Data section section start

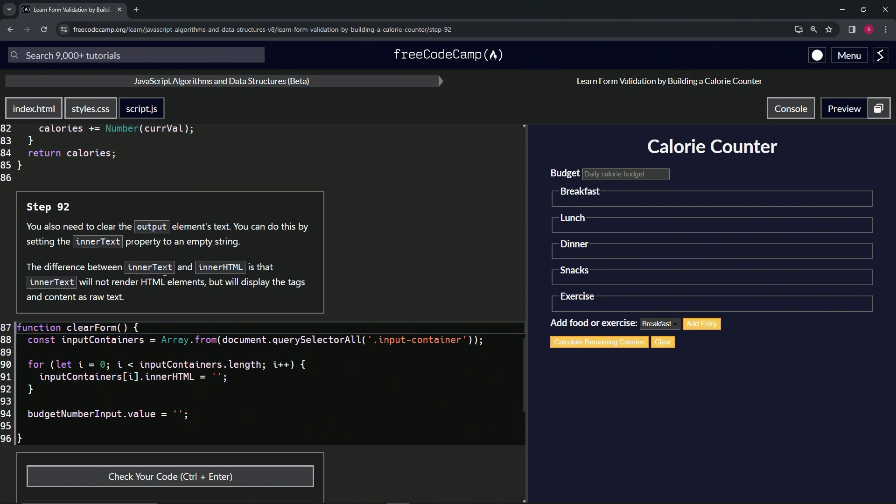The difference between innerText and innerHTML is that innerText will not render HTML elements, but will display the tags and content as raw text.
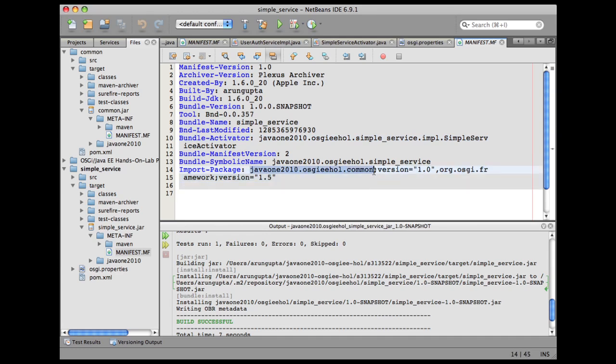And finally, just using the convention that anything that is in the impl package, it did not include it in here. So you don't see any export package over here. That concludes our SimpleService bundle already being generated for us.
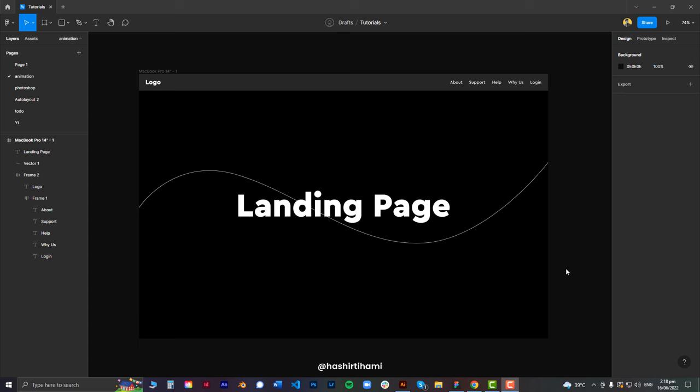Hi guys, it's Ashat Lihami. This is going to be a short tutorial about how to animate lines in Figma.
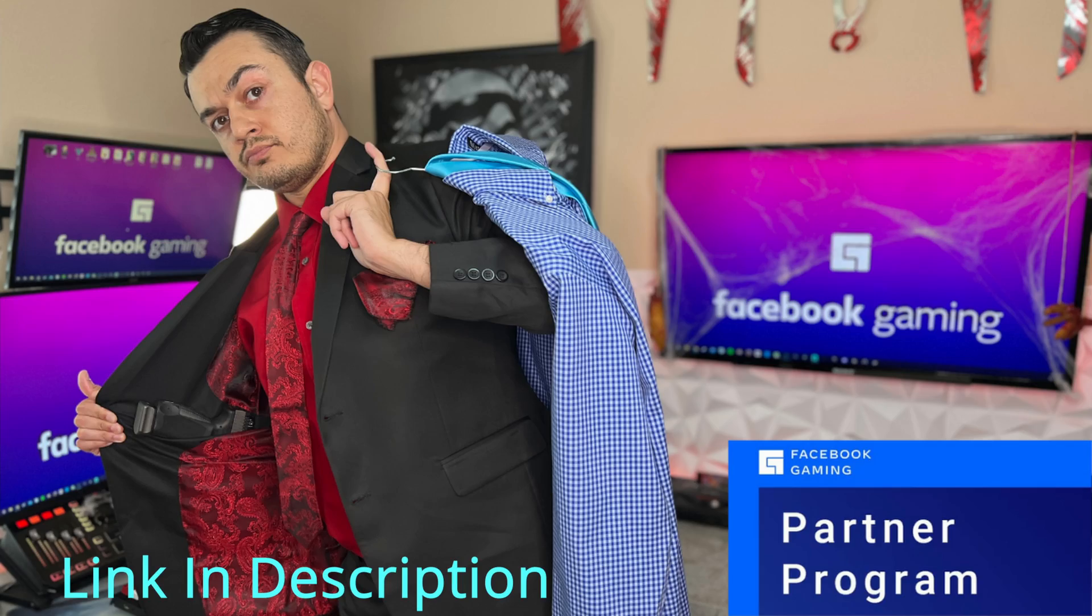Hopefully this helped you save your settings in Dying Light 2. If it did, like the video - it'll help it get seen by more gamers that might be having the same issue so they can get it sorted out as well. Check me out at Facebook Gaming where I am playing Dying Light 2. Peace.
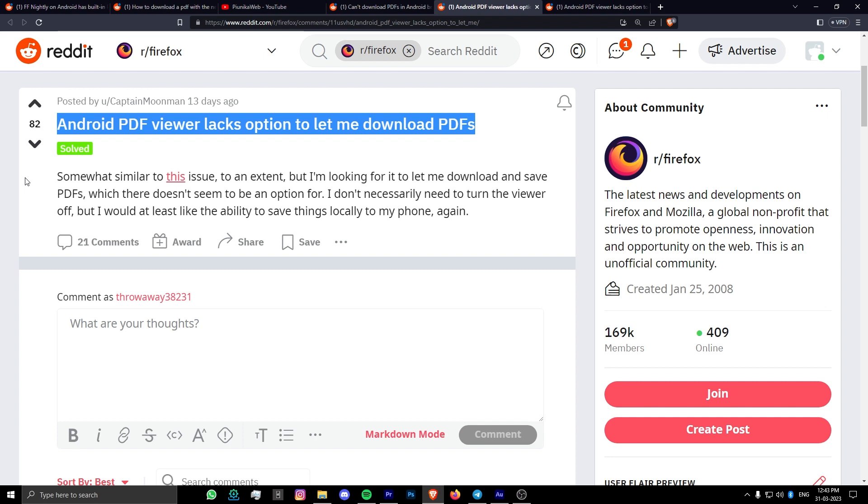Due to this, users are asking the developers to add a dedicated download button in the PDF viewer or allow them to download it without needing to open the file. Luckily,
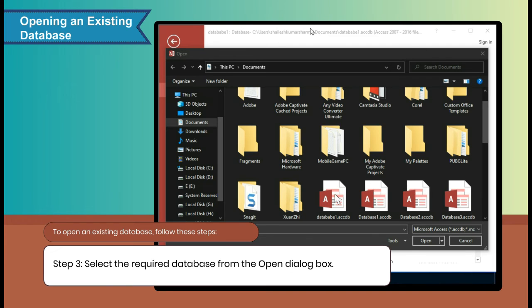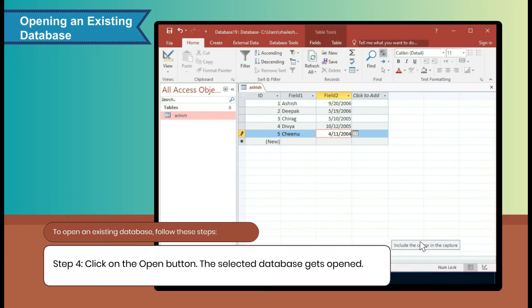Step 3: Select the required database from the Open dialog box. Step 4: Click on the Open button. The selected database gets opened.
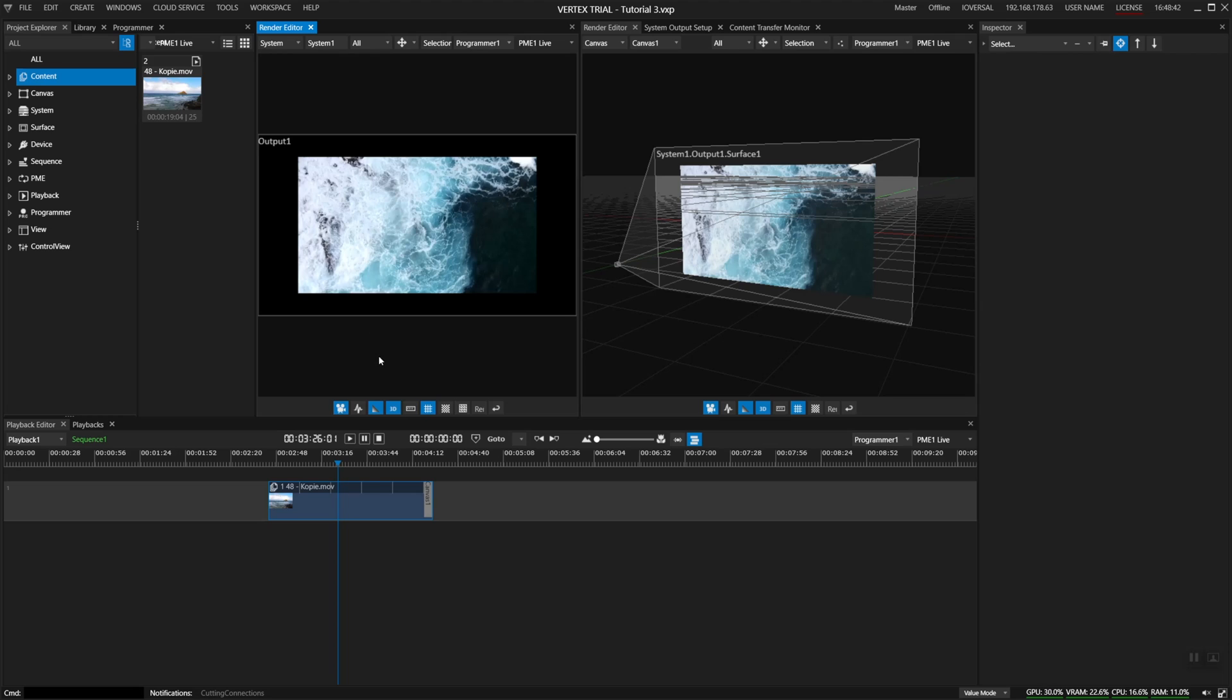I'm working on a notebook so I only have one output. If you would have four outputs connected you would see four outputs in this view.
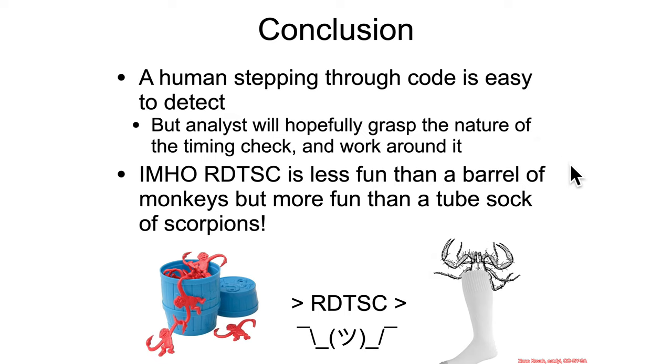And so ultimately, RDTSC is just sort of an interesting little assembly instruction, which in my opinion is less fun than a barrel of monkeys, but more fun than a tube stock of scorpions.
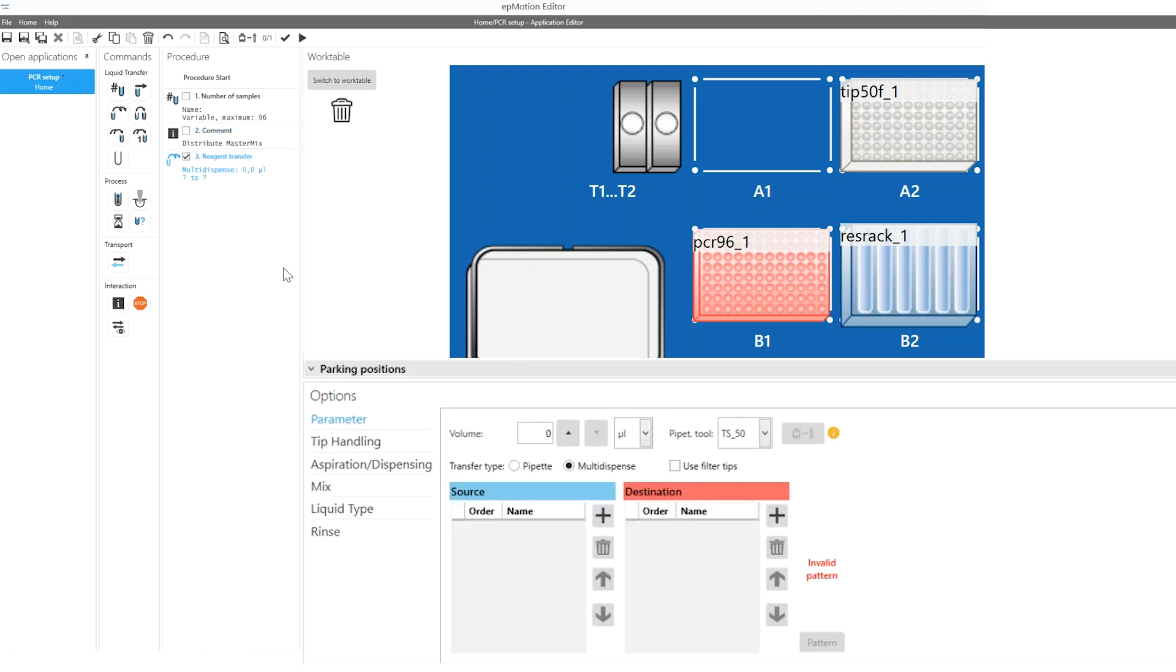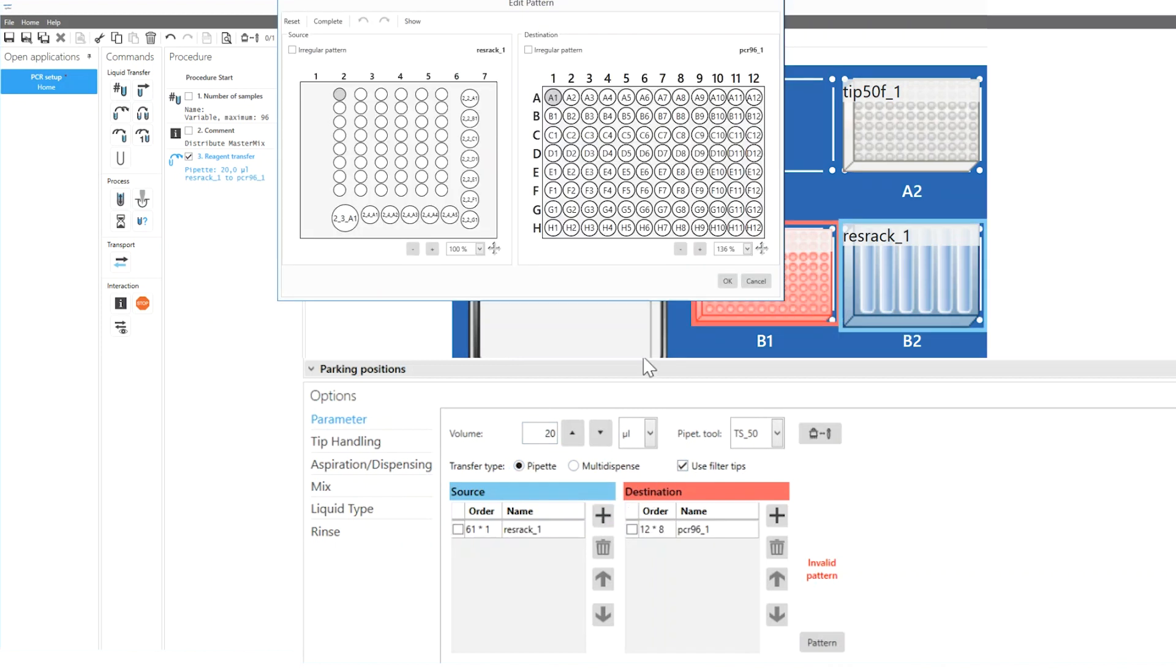A reagent transfer command is used to transfer PCR reagents from the source to several destination vessels. You define the volume, transfer type, tip type as well as source and destination labware.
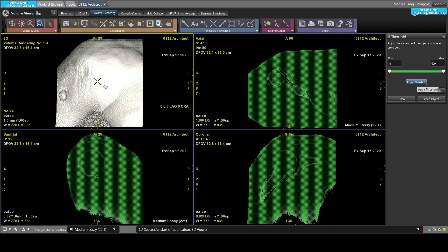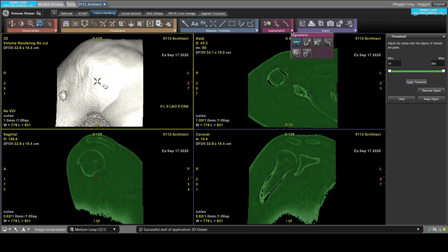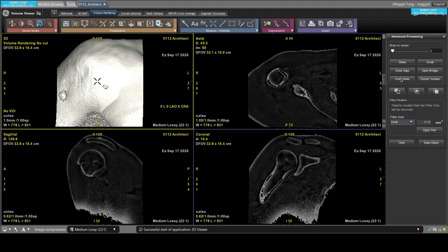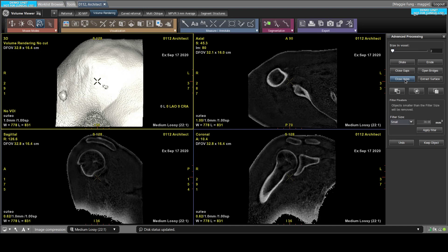So now you see some of your bone is thresholded out, so you'll want to fill that back in using the segmentation advanced processing tool and the close holes tool underneath it. So once you press close holes, it will close all the holes and you get all your bones back.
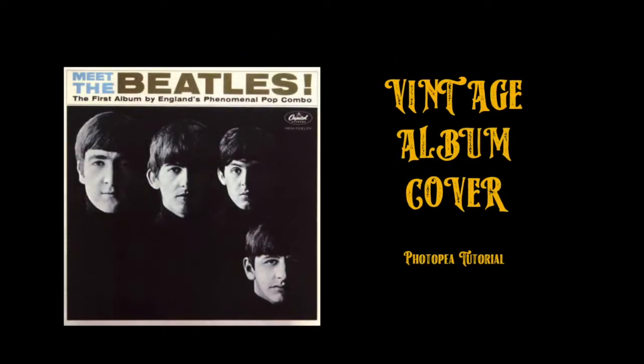Hi guys and welcome to another Photopea tutorial. In this tutorial we're going to create a vintage album cover based on the album cover that you see here. But because I'm a Star Wars guy, we're going to add a little bit of a Star Wars twist.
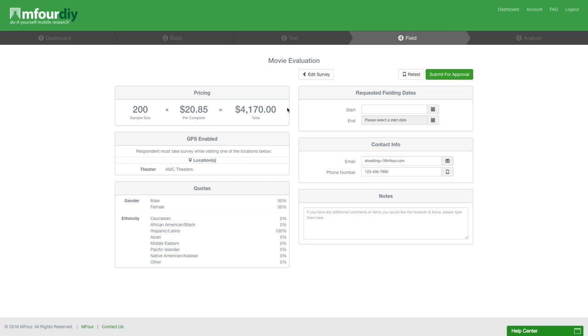On the left is your survey summary. It shows sample size, pricing per complete, and the total cost.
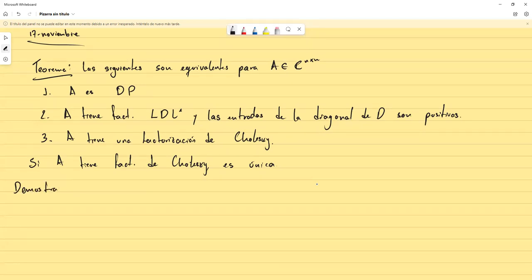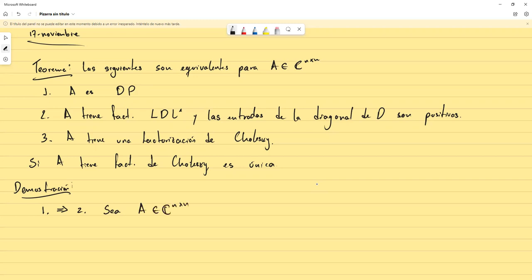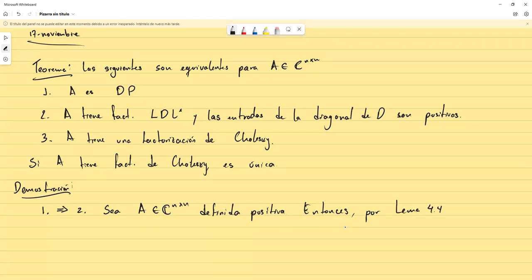Vamos a proceder a demostrarlo. Primero vamos a comprobar que uno implica dos. Sea A de n×n definida positiva. Como la matriz es definida positiva, utilizando el lema 4.4, ese lema decía que cualquier submatriz principal de la matriz definida positiva va a ser definida positiva, y en pocas palabras va a ser no singular.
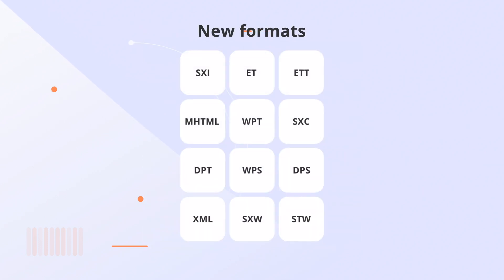Also, 12 new formats became available for viewing, including WPS and MHTML.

Data section section end

#### [Exercise objective]
Repeat the material above exactly; pictures do not belong in the copy.

#### [Task result]
The difference between innerText and innerHTML is that innerText will not render HTML elements, but will display the tags and content as raw text.
And finally, just using the convention that anything that is in the impl package, it did not include it in here. So you don't see any export package over here. That concludes our SimpleService bundle already being generated for us.
Hi guys, it's Ashat Lihami. This is going to be a short tutorial about how to animate lines in Figma.
Hopefully this helped you save your settings in Dying Light 2. If it did, like the video - it'll help it get seen by more gamers that might be having the same issue so they can get it sorted out as well. Check me out at Facebook Gaming where I am playing Dying Light 2. Peace.
Due to this, users are asking the developers to add a dedicated download button in the PDF viewer or allow them to download it without needing to open the file. Luckily,
Step 3: Select the required database from the Open dialog box. Step 4: Click on the Open button. The selected database gets opened.
I'm working on a notebook so I only have one output. If you would have four outputs connected you would see four outputs in this view.
And so ultimately, RDTSC is just sort of an interesting little assembly instruction, which in my opinion is less fun than a barrel of monkeys, but more fun than a tube stock of scorpions.
A reagent transfer command is used to transfer PCR reagents from the source to several destination vessels. You define the volume, transfer type, tip type as well as source and destination labware.
So now you see some of your bone is thresholded out, so you'll want to fill that back in using the segmentation advanced processing tool and the close holes tool underneath it. So once you press close holes, it will close all the holes and you get all your bones back.
Hi guys and welcome to another Photopea tutorial. In this tutorial we're going to create a vintage album cover based on the album cover that you see here. But because I'm a Star Wars guy, we're going to add a little bit of a Star Wars twist.
On the left is your survey summary. It shows sample size, pricing per complete, and the total cost.
Vamos a proceder a demostrarlo. Primero vamos a comprobar que uno implica dos. Sea A de n×n definida positiva. Como la matriz es definida positiva, utilizando el lema 4.4, ese lema decía que cualquier submatriz principal de la matriz definida positiva va a ser definida positiva, y en pocas palabras va a ser no singular.
Also, 12 new formats became available for viewing, including WPS and MHTML.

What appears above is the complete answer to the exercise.